YOUR TASK: Reproduce the listing in full, pictures excluded.

RECORDED INFORMATION:
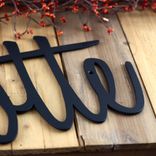 Personalized Metal Script Name Plaque 2 small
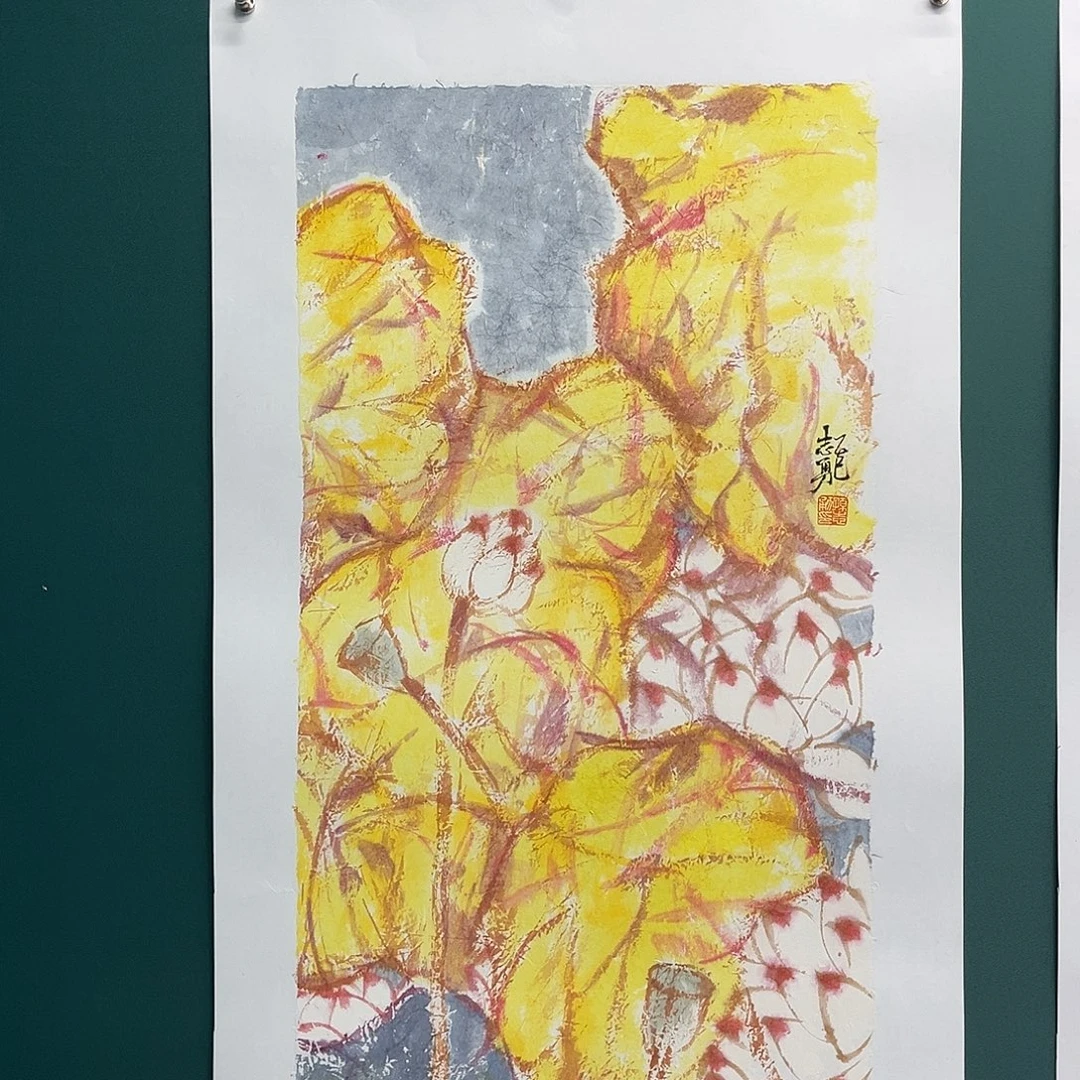 国画艺术家真人手绘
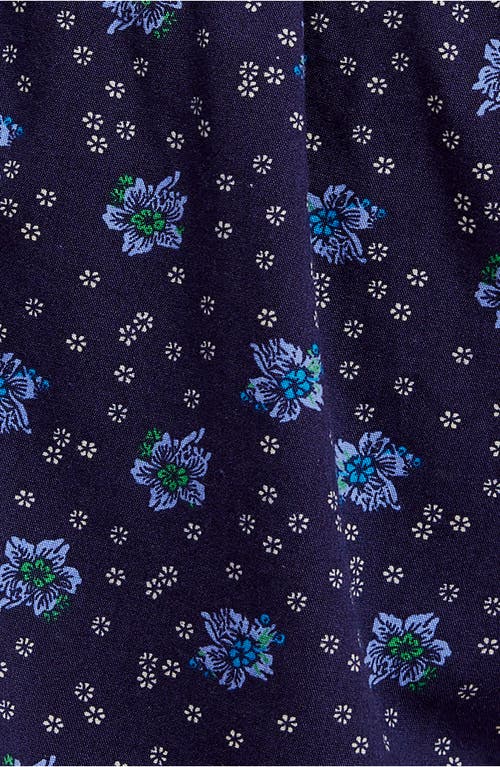 Free People Cambridge Printed Pull On Shorts In Blue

TASK OUTPUT:
 Personalized Metal Script Name Plaque 2 small
 国画艺术家真人手绘
 Free People Cambridge Printed Pull On Shorts In Blue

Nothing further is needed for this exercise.